### Exercise details
Starting at the line that contains "Power Stop EBR685XPR" and stopping after the line that contains "Fritadeira Air Fryer", transcribe the listing below exactly; do not include any pictures.

### Provided data

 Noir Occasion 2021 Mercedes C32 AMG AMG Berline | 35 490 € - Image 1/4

==

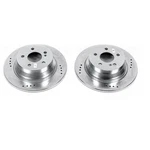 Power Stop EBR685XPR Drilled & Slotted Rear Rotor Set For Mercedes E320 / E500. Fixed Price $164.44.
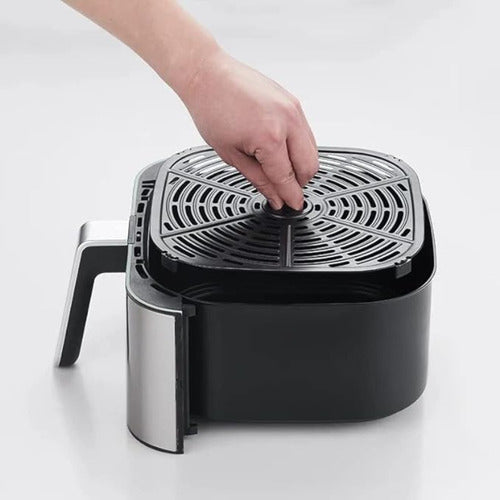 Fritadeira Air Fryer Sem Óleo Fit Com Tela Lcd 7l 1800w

==

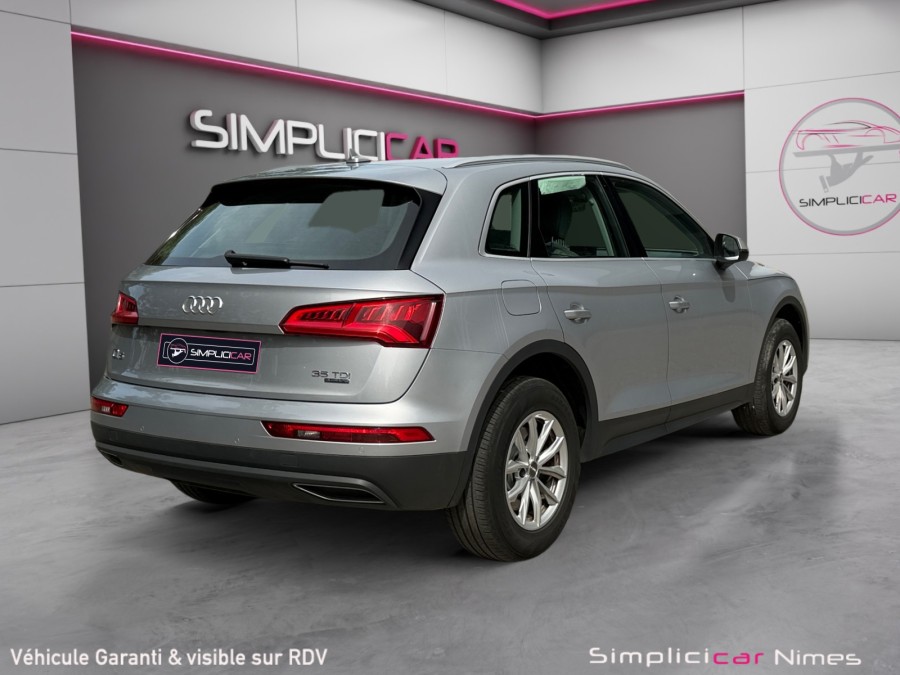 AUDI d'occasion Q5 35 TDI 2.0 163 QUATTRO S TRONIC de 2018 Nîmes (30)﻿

### Answer area
 Power Stop EBR685XPR Drilled & Slotted Rear Rotor Set For Mercedes E320 / E500. Fixed Price $164.44.
 Fritadeira Air Fryer Sem Óleo Fit Com Tela Lcd 7l 1800w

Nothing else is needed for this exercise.